Level-2 Ranker: In the second phase, a more accurate but computationally expensive machine-learned model is used to re-rank these documents. This is where heavy-weight ML ranking takes place. This ranker takes into consideration query classification and entity prediction external features from query understanding module and entity prediction module respectively.
The level-2 ranker may be computationally expensive due to various factors like it may depend upon certain features that are computed dynamically (between user, query, documents) or it may depend upon additional features from external system. Typically, this ranker operates on a large number of features, such that collecting/sending those features to the ranker would take time. ML Ranker is trained offline using training data. It can also be further trained and tuned with live system using online A/B testing.

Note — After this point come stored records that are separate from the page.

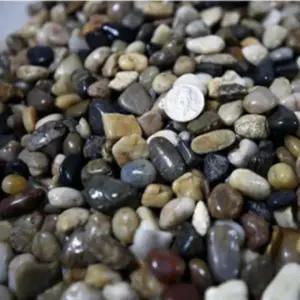 인테리어 화분 자갈 조경 돌혼합 광택 유광 1kg (WFK5R0T)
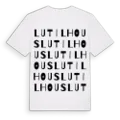 Lutilhous ordlek t-shirt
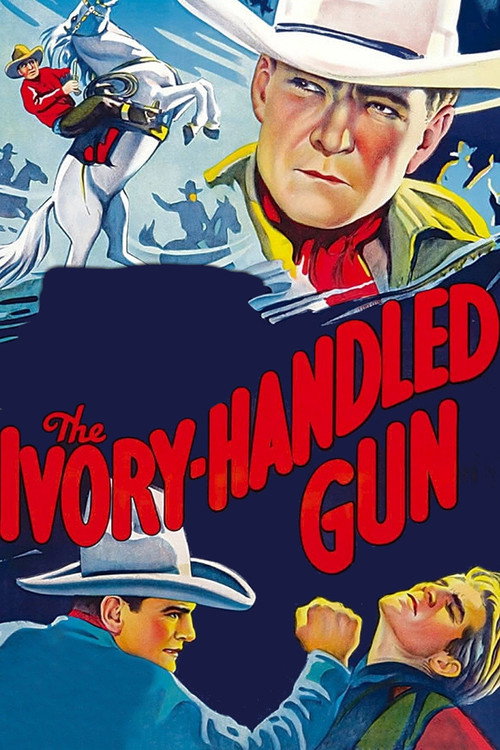 Movie poster for The Ivory-Handled Gun (1935)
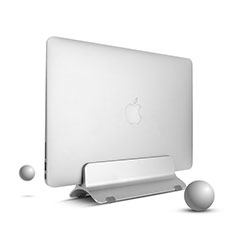 Soporte Ordenador Portatil Universal S01 para Apple MacBook Air 13 pulgadas (2020) Plata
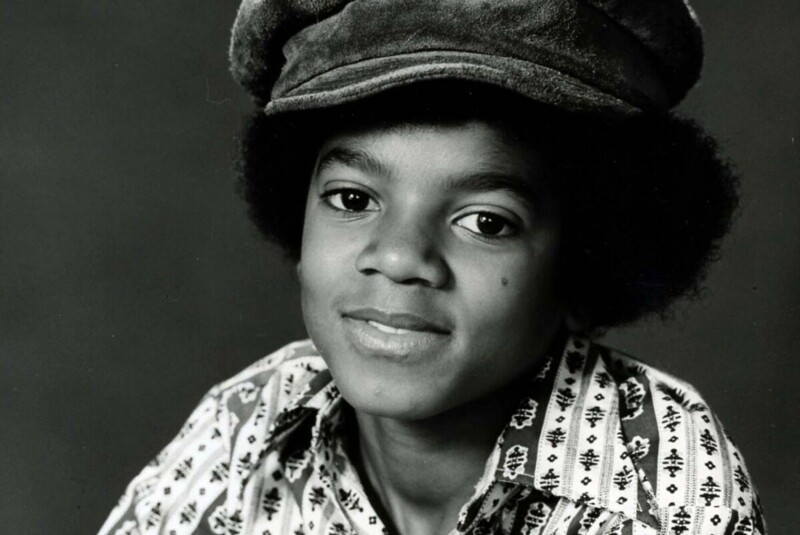 Американский певец Майкл Джексон
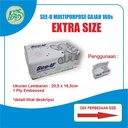 Tissue SEE-U Multipurpose 160s / See-U GAJAH EXTRA SIZE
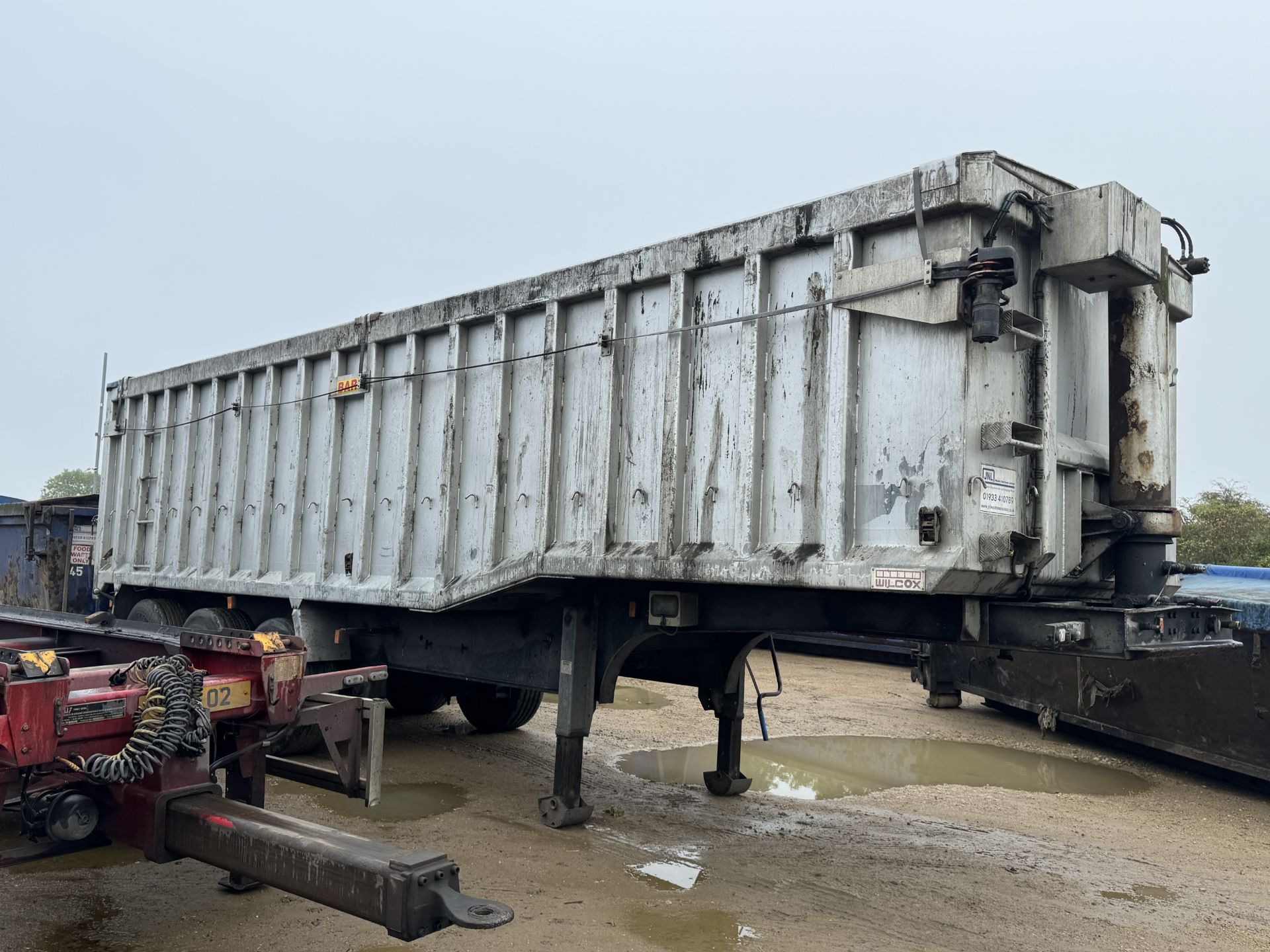 1994 - Crane Fruehauf Ltd, Model A199901, 36,000 Kg Tri Axle Air Suspension Tipping Trailer, - Image 2 of 56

The training data store 285 stores training data that typically consists of queries and lists of results. Training data may be derived from search signals store 275. Training data is used by a learning algorithm to produce a ranking model which computes relevance of results for actual queries.
The feature processing module 255 extracts features from various sources of data including user information, query related information, and so on. For ML algorithms, query-document pairs are usually represented by numerical vectors, which are called feature vectors. Components of such vectors are called features or ranking signals.
Features can be broadly divided into following categories:
(1) Query-independent or static features: These features depend only on the result document, not on the query. Such features can be precomputed in offline mode during indexing. For example, document lengths and IDF sums of document's fields, document's static quality score (or static rank), i.e. document's PageRank, page views and their variants and so on.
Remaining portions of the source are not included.